Going Big | Parkersburg News and Sentinel
"Go big" in reducing deficit spending, U.S. Sen. Joe Manchin is urging fellow lawmakers. But most of them don't even seem capable of going small.
Manchin, D-W.Va., and scores of like-minded senators and members of the House of Representatives have a secret weapon in their deficit-slashing arsenal: next year's elections.
In August, Congress was unable to devise a deficit reduction package acceptable to President Barack Obama. His goal is massive tax increases, while thoughtful lawmakers understand the problem is too much spending instead of not enough taxing.
A stalemate during the summer was broken by agreement to form a "super committee" of senators and representatives. Its 12 members were told to come up with a plan to reduce deficit spending by $1.2 trillion over 10 years. They were given until Thanksgiving to accomplish the task.

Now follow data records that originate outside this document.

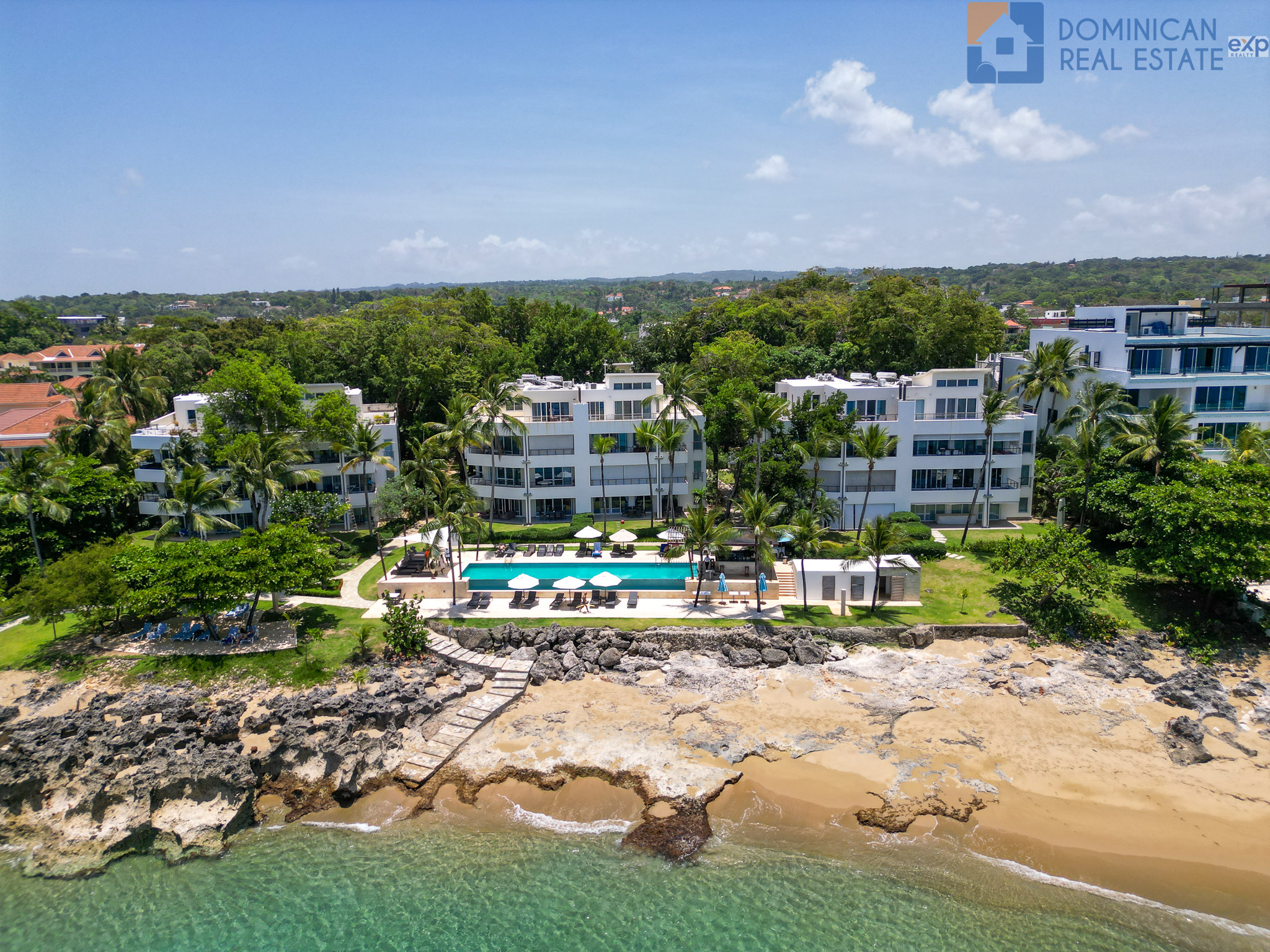 Elegant Garden Residence in Infiniti Blu's Exclusive Beachfront Community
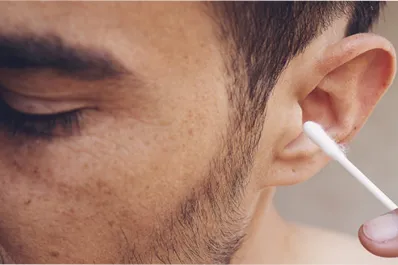 La cera del oído podría ser clave para detectar el Parkinson de forma temprana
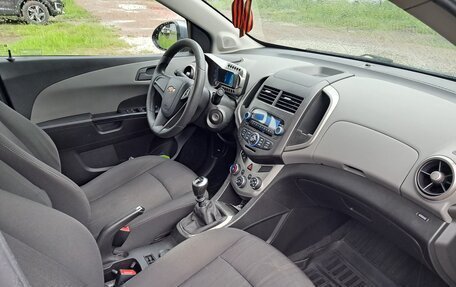 Chevrolet Aveo III, 2015 год, 820 000 рублей, 4 фотография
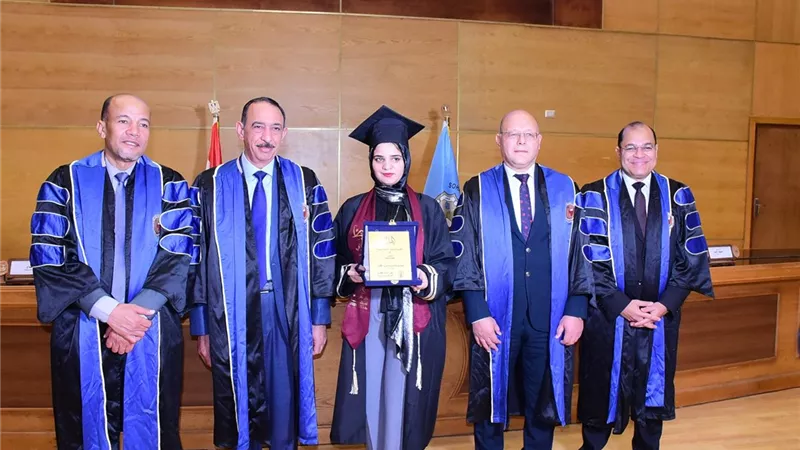 تخرج دفعة جديدة من صيدلة سوهاج.. تعيين 10 معيدين من الخريجين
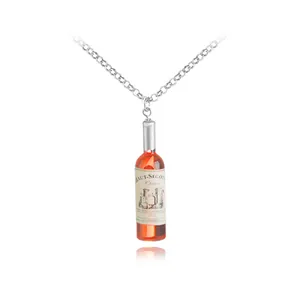 Collana a catena argentata con ciondolo a forma di bottiglia di vino in resina arancio
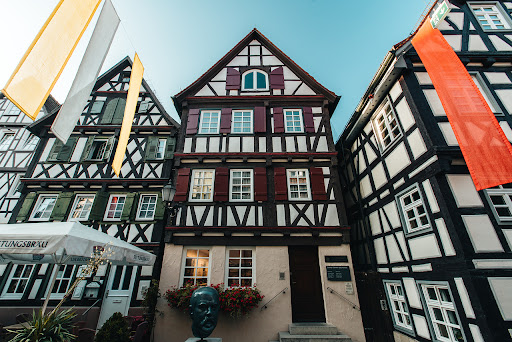 Gottlieb-Daimler-Geburtshaus - Urvater von Mercedes-Benz Logo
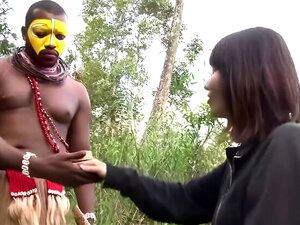 La increíble puta oriental Kanon Tachibana lleva al tipo a la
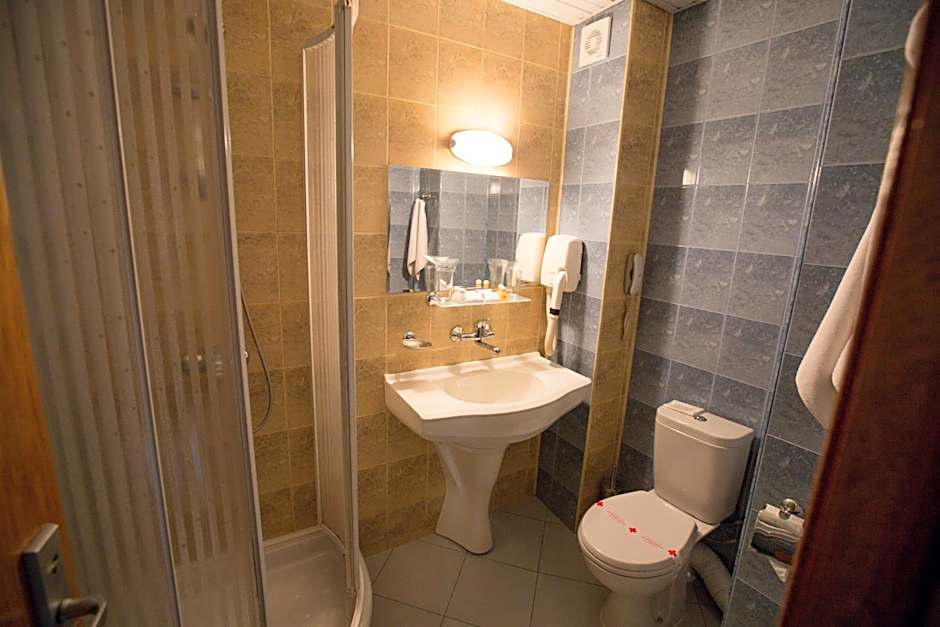 Terra Europe Brontes Hotel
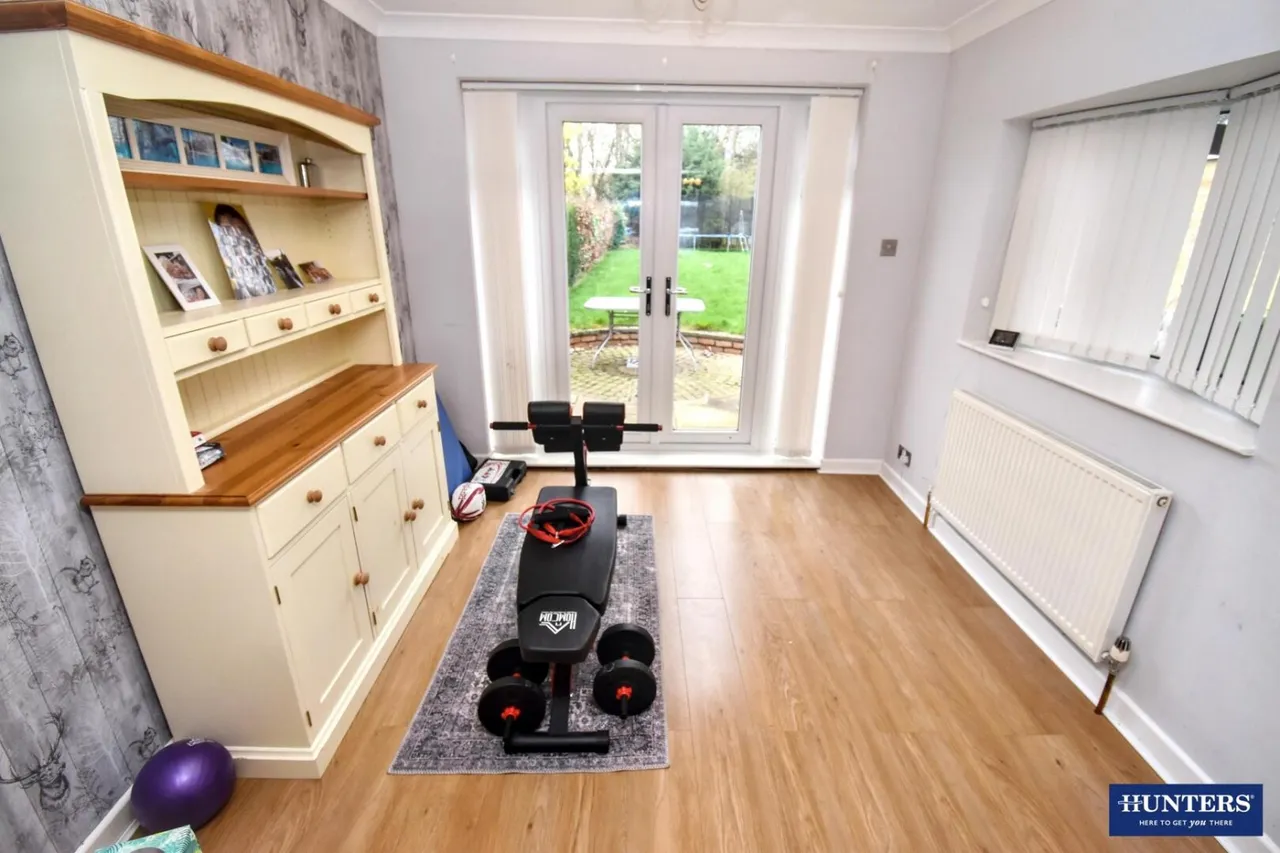Gloucester Crescent, Wigston, photo 7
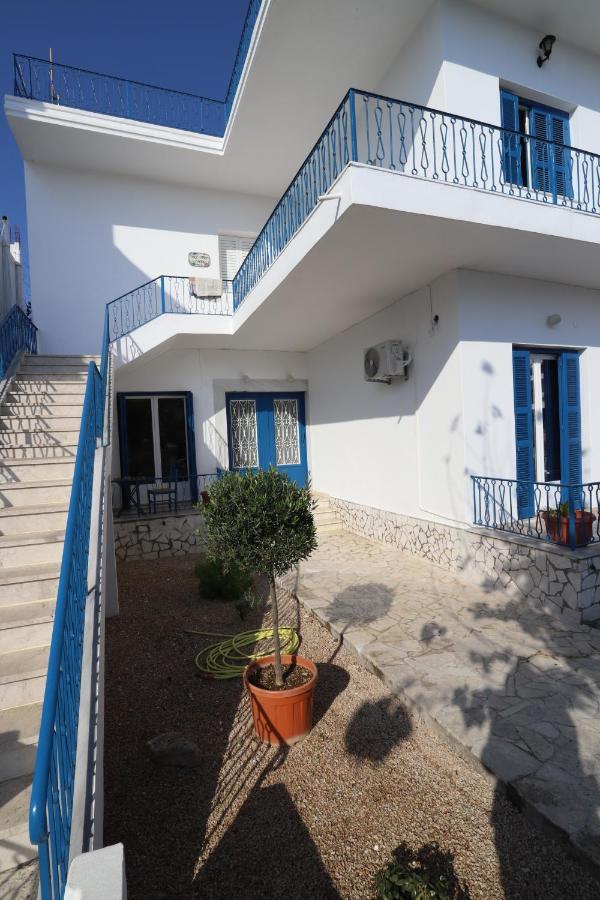 Traditional Town Garden Apartment Rhodes City Екстериор снимка
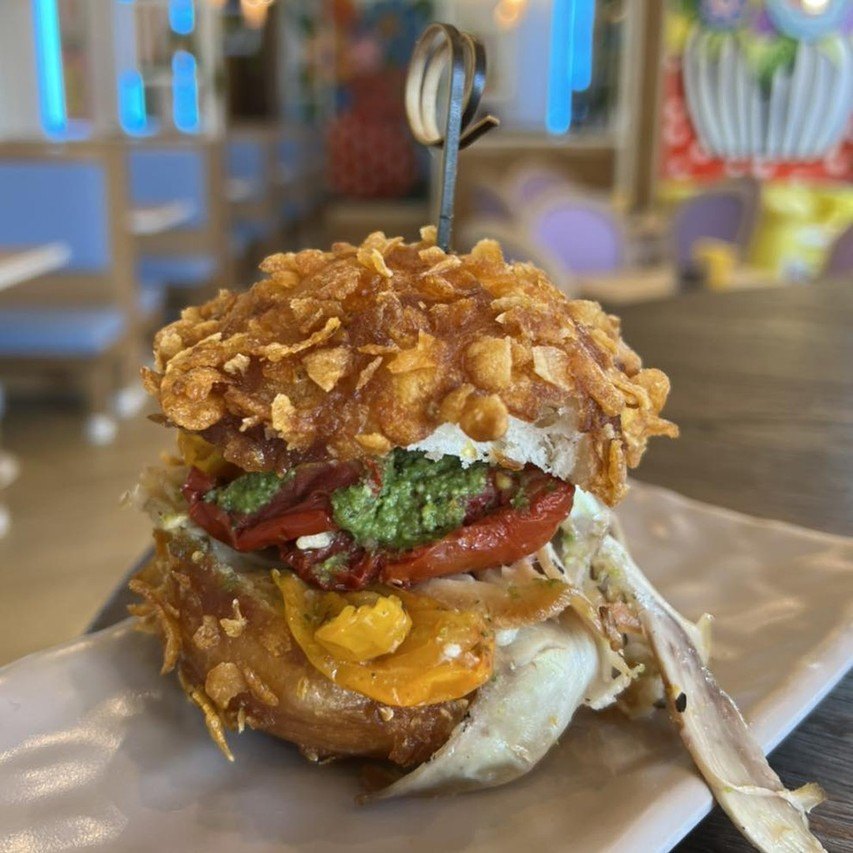 Il burger croccante, sfogliato a mano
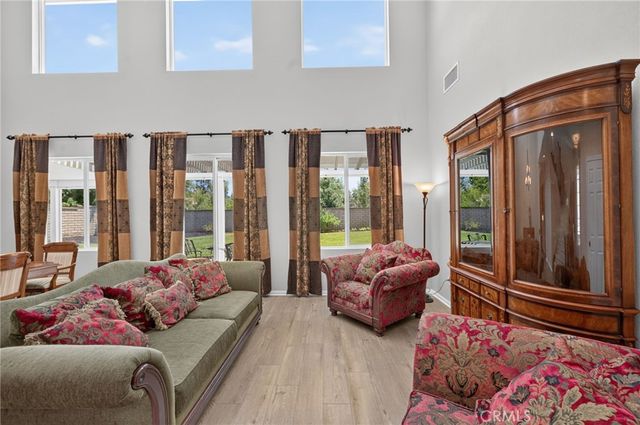 2332 Douglaston, Escondido, CA 92026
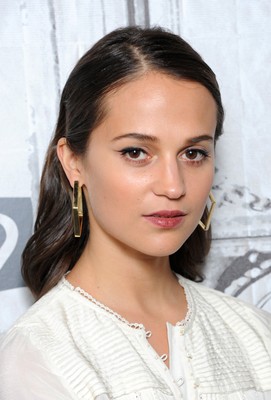 Alicia Vikander Poster 3248122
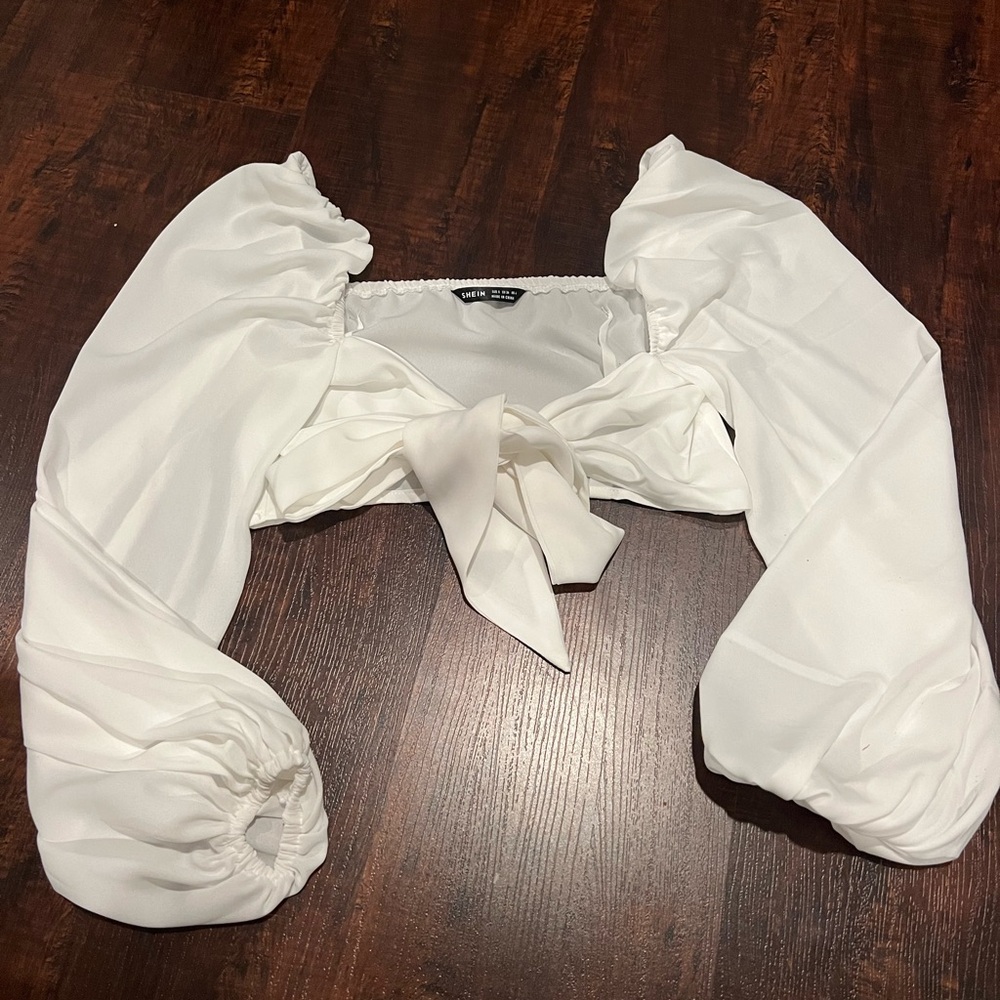 SOLD Balloon sleeve crop top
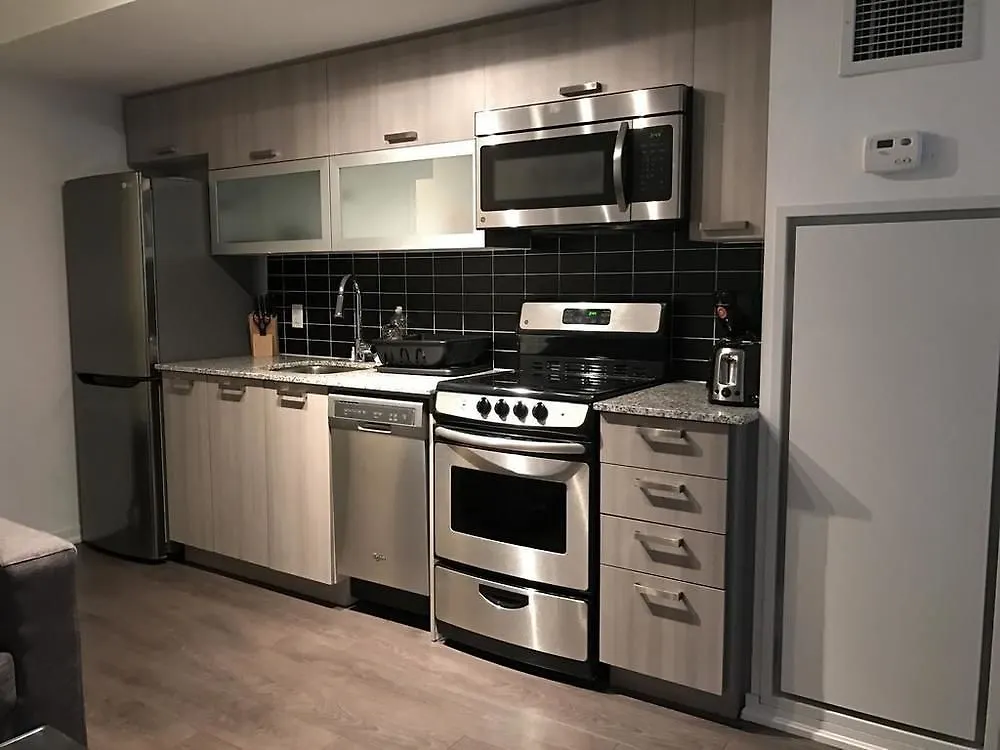 شقة Queen West Suites تورونتو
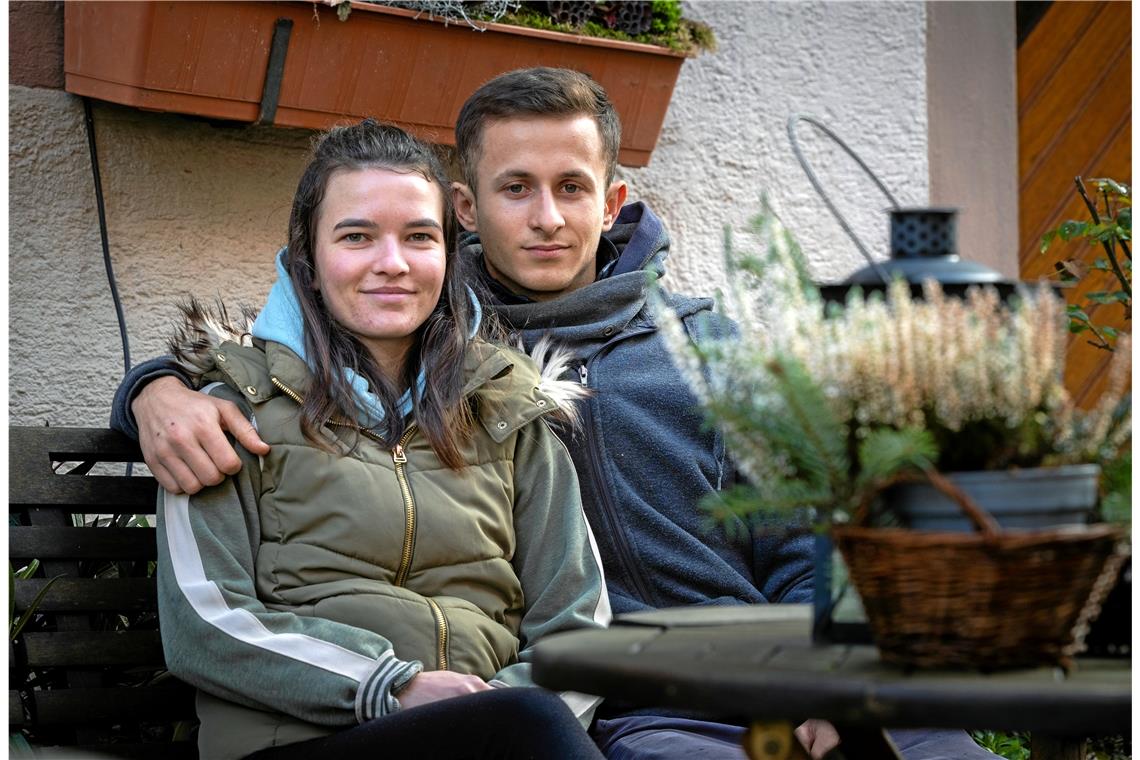 Weihnachten in der Fremde verbracht Petra Pintér und Laszlo Kupás aus Rumänien feierten Weihnachten zum ersten Mal in Deutschland. Foto: A. Becher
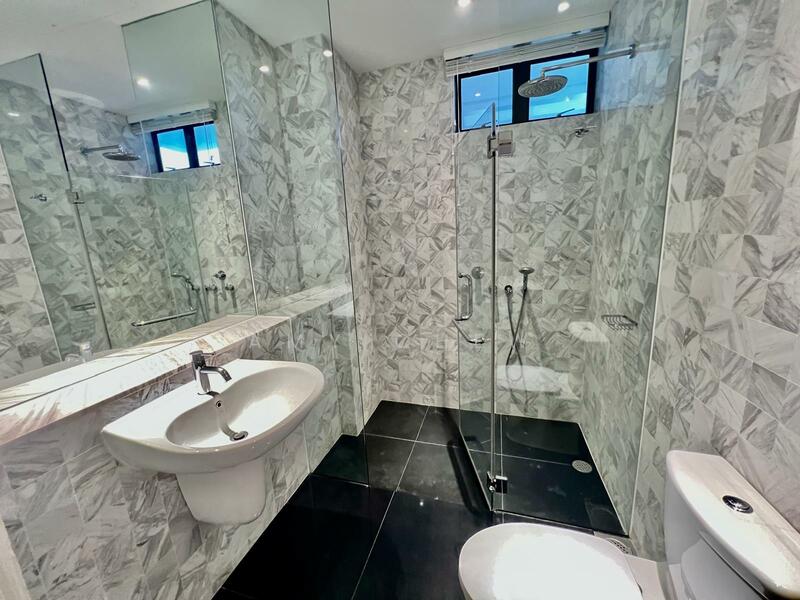 For Rent - The Colonnade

If that didn't happen, automatic spending cuts would kick in, Americans were assured in August.
However, those "automatic" cuts will not begin until early 2013, after presidential and congressional elections the previous fall. That delay gave the "super committee" no incentive whatsoever to come to agreement by this week.
And it did not. Panel members have said they cannot agree on a plan to meet the $1.2 trillion target - even though, at $120 billion a year, it averages less than 3 percent of the total budget.
Another factor will become apparent sometime next year: What Congress takes away, Congress can restore. Beyond virtually any shadow of doubt, lawmakers will rescind some or all of the "automatic" spending cuts before they take effect.
Last Sunday, Manchin urged fellow lawmakers not to settle for $1.2 trillion in cuts. He said he and about 140 other Senate and House members, both Republicans and Democrats, want Congress to consider a package of $4 trillion in deficit reduction. The bipartisan Bowles-Simpson proposal, released earlier this year, could be used as a template, Manchin added. "Go big," he urged.
As matters stand, Obama and liberal lawmakers may be on the verge of deciding they have managed to pull the wool over the public's eyes once more - that they can get away with not cutting back on government spending.
They may well be wrong. Big government will be an issue in the 2012 elections. That will be a problem for Obama, and it should be one for members of Congress who let constituents down on deficit reduction. That will work to the advantage of Manchin and other responsible lawmakers. In effect, voters may give their peers the option of either going big - or going home.